Menulislah agar tetap eskis.
Setiap hari jutaan orang membuat status di media sosial, seperti WhatsApp, Facebook, Instagram dan lainnya. Apa tujuannya ? Tak lain biar tetap eksis secara pribadi ataupun eksis dalam dunia bisnis , organisasi atau bidang layanan di pemerintahan. Contoh mudah, memiliki Web menjadi wajib untuk sebuah madrasah. Landing page sangat perlu untuk memperlancar sebuah bisnis
Ternyata kita “dipaksa” oleh jaman untuk menulis juga. Meski dunia buku cetak meredup karena desakan media visual namun di media visualpun masih memerlukan jasa dari dunia tulis menulis. Contoh kecil untuk membuat caption pada sebuah gambar pun kita masih menggunakan jasa tulisan. Apalagi untuk sebuah web , setiap saat membutuhkan tulisan tulisan yang berupa artikel, opini ataupun puisi seperti dalam web milik LP Maa’rif ini, Belum lagi blog pribadi yang begitu melimpah di mesin pencarian Google. Ini bukti bahwa untuk bisa tetap eksis di era ini kita harus punya ketrampilan untuk menulis.
Katarsis
Sekitar tahun 2014 saya mengikuti sebuah pelatihan yang bertema pelepasan diri dari berbagai masalah dengan cara menulis. Tentor memberikan tuga tugas yang harus dikerjakan oleh para peserta yang berisi curhatan dari masalah yang sedang dihadapi. Boleh masalah sendiri atau masalah teman yang sedang dicurhatan pada peserta. Mula mula kita memaparkan masalah dalam susunan yang masih kasar. Berisi permasalahan , sebab dan jalan keluar yang mungkin bisa kita tempuh.
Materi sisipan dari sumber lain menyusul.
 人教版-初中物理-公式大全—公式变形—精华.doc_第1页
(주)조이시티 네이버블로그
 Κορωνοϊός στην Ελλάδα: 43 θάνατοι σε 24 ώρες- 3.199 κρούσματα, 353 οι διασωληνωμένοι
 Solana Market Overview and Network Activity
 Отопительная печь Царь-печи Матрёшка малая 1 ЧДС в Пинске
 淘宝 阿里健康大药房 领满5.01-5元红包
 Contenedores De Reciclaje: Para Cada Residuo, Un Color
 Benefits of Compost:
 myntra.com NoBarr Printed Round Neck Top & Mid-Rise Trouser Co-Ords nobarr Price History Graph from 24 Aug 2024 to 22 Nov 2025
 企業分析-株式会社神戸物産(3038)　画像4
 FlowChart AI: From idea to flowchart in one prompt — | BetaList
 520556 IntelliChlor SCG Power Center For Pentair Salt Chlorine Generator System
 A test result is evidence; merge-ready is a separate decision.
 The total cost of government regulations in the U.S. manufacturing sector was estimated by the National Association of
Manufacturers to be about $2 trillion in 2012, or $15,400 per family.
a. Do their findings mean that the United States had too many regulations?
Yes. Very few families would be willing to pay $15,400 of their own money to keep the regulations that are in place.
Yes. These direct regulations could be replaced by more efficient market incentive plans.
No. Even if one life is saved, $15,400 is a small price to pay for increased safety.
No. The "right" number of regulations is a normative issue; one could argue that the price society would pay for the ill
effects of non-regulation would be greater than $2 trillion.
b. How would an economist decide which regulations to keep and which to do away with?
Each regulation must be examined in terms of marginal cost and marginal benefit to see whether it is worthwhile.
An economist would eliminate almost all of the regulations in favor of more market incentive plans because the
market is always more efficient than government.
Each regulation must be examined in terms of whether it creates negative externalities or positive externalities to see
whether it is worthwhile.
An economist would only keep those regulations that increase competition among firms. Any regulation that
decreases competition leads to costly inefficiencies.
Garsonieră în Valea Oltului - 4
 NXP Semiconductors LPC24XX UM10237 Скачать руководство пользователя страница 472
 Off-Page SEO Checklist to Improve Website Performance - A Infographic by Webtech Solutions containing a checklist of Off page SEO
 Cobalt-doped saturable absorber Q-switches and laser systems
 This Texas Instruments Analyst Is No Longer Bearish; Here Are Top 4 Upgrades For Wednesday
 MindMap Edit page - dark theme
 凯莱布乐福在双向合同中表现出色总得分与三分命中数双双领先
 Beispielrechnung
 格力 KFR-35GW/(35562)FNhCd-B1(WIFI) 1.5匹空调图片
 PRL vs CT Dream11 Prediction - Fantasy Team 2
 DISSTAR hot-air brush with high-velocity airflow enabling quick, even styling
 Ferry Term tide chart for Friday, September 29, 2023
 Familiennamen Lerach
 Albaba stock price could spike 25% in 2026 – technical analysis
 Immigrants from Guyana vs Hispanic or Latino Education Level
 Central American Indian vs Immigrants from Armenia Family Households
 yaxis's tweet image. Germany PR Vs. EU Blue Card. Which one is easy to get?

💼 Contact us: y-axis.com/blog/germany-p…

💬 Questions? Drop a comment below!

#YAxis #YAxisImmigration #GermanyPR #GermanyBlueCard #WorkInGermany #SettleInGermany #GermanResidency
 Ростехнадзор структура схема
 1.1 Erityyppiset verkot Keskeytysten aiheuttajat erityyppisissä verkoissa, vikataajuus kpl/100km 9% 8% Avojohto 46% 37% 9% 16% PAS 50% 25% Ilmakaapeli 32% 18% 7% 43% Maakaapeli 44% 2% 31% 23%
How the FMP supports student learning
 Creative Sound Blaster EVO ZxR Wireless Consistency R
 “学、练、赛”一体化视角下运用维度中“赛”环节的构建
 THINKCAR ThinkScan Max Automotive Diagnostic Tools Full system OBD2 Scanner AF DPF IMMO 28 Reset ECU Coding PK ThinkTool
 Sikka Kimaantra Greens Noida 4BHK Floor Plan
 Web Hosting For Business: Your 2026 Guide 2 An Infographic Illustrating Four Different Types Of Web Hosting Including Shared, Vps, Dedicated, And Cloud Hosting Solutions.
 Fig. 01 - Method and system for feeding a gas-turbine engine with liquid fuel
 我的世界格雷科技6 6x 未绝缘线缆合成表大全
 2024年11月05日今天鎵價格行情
Bagian yang paling berefek katarsis ( pelepasan) adalah ketika menuliskan detil masalah dan perasaan saat itu. Peserta dianjurkan memilih diksi yang menyentuh perasaan, seperti : petapa pedihnya, betapa rindunya, rasanya seperti gelap , hatiku tercabik cabik , dan lainnya yang memotret suasana hati paling dalam. Nah, saat itulah pelepasan emosi negatif berlangsung. Usai menulis hati lebih lega, terbebas dari rasa tertekan. Semakin banyak kita menguras emosi negative dengan cara menulsikannya maka rasa tertekan semakin berkurang dan ahirnya lenyap dari hati kita.
-Sri Rohati, guru di MTs Ma’arif NU Kemalang Klaten.